Schema-normalized additional API endpoint

Recommended reading: Overturemaps.org - big-businesses OSMF alternative

As much as this might be a bit off (because I’m new contributor, so this really should be a matter of others here), I would like to put for open criticism i makes sense to have some sort of read-only version of existing API data (the one that contains de facto data for users) that could be possible to pass for automated modifications and be under OSMF umbrella (not outside project).

While what actually notifications are mostly here for example, and how this will be done is also any future discussion, the real request for feedback here is if having such additional versions makes sense.

Some examples of such automated conversion from reference OSM data to have

Disclaimer: again, remember that I’m a new user. What can and what cannot would mostly be decided by others. However, such a version could ideally be rebuilt from scratch from time to time. But would have less use than existing APIs, and maybe not even require rebuild the map, just the API data

  1. At minimum, this would mean opinionated changes from tagging schemas that are clearly aliases and removal from tags from very old times that have no impact today.

  2. Values that clearly are impossible (such as if maximum highway speed in a country is 120 km/h, have 300 km/h in a highway=residential likely to be extra 0) the output could clean that Information. No questions asked. Just make it happen and live with that for each rebuild.
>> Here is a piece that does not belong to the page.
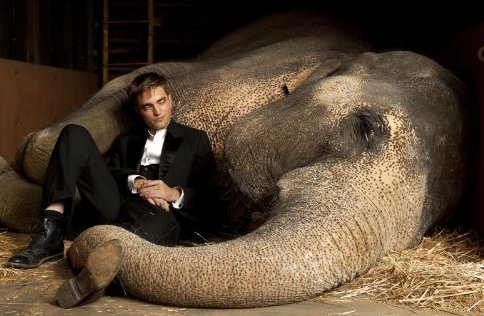 Water for Elephants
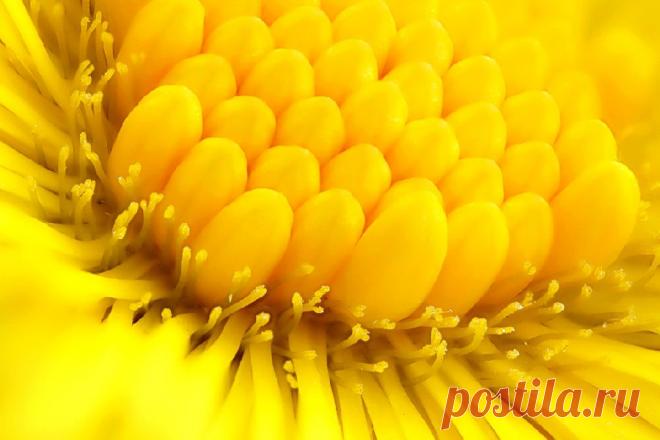 Целебные свойства мать - и - мачехи.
  3. For some types of field that accept a list of Items, if there’s more than one separator (like ; vs ; ) regex-based clean up could be used to enforce one schema of the separator. Obviously there are other patterns to clean, but here is mostly to do data cleaning. Without this it is impossible to create documentation for end-users of what to expect, and we really want pristine documentation

  4. (Not sure applicability; needs feedback) changesets with higher likelihood to be suspect (like mass deletions), might intentionally not be applied if their submission is too recent. We assume they don’t exist

  5. (Not sure applicability; needs feedback) same as previous, but even after passing the time that would allow that changeset to be merged, if it gets changeset comments by someone, we add even more delay to be merged. Maybe we suggest explicit keywords in the first or second comment to give hints about good or not.

  6. … Suggestions? Please let’s keep it simple, something we know could be done in just a few months. On this topic let’s focus on output-only, avoid proposing things that change how to insert data on OSM (or at least not ones that would be hard to implement).

But why?

I think changes that Overture Maps Foundation “OMF” would claim to do to “clean/validate/remove vandalism” from what they call “several sources” could be done by OSMF itself with a free-to-be-top-down opinionated decision. And nor just this, but we should initially focus on getting more well cared for the feature: for example, they will focus on first interaction (in this case, highways, and seems also some amenities, so I would suppose gas stations), so it makes sense we do this, be focused, instead of trying to improve everything. As much as people might be upset with some false positives (but this doesn’t change original data, just a version from it), and even the fact itself of have normalized version, I think this approach could allow fast response by half of 2023 (which is the release date of OMF project).

By next year, the organizations behind OMF (even if they add some extra features like AI generated roads from where it doesn’t exist) will likely to be able to provide even OSMF data in some sort of normalized form, so really make sense to at minimum not allow such type of argumentation be valid on their press releases to a point of OSMF really cannot defend itself. Both organizations produce open data (but OSMF is more traditional, so even those who like Linux Foundation would try side with OSMF) so this kind of version of own OSMF data, likely even the validation/cleaning rules be open to them submit, would disincentive they to not cooperate for some automated rules we could do to transform OSM data from the formats. Add to this that even existing organizations that work directly with OSMF for a longer time might start to move to OMF if some kinds of data cleaning would not be able to be done directly under the OSMF umbrella. This is unlikely to happens very fast (at least not for organizations not already part of OMF members) but over years could happens.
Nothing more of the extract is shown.